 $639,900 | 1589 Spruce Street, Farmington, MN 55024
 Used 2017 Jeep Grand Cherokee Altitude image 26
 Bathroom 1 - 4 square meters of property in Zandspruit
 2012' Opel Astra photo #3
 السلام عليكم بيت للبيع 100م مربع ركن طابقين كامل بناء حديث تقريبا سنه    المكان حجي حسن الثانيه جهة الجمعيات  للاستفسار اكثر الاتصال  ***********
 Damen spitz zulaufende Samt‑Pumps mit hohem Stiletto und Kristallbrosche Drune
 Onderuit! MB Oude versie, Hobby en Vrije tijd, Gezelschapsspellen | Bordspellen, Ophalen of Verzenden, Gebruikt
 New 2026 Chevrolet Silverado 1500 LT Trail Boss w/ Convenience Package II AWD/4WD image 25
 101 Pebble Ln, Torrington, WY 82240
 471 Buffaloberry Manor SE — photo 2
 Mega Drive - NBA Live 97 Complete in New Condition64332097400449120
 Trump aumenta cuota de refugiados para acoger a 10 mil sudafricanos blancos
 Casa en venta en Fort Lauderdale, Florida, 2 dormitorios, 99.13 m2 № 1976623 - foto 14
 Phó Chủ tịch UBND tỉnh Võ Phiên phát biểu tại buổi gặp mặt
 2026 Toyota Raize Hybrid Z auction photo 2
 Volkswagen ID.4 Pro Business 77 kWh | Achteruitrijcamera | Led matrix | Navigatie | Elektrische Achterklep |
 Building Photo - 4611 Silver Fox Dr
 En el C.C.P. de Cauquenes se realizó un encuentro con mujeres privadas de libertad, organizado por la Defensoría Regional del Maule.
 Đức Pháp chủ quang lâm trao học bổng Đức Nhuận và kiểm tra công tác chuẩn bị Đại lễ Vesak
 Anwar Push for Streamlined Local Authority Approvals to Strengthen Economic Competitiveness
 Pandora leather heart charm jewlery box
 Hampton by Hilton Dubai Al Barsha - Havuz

## Task brief
From the line containing "2026 Toyota Raize Hybrid Z auction photo 2" down to the last line of the listing above, give every line again exactly, and add nothing.

## Answer to the exercise
 2026 Toyota Raize Hybrid Z auction photo 2
 Volkswagen ID.4 Pro Business 77 kWh | Achteruitrijcamera | Led matrix | Navigatie | Elektrische Achterklep |
 Building Photo - 4611 Silver Fox Dr
 En el C.C.P. de Cauquenes se realizó un encuentro con mujeres privadas de libertad, organizado por la Defensoría Regional del Maule.
 Đức Pháp chủ quang lâm trao học bổng Đức Nhuận và kiểm tra công tác chuẩn bị Đại lễ Vesak
 Anwar Push for Streamlined Local Authority Approvals to Strengthen Economic Competitiveness
 Pandora leather heart charm jewlery box
 Hampton by Hilton Dubai Al Barsha - Havuz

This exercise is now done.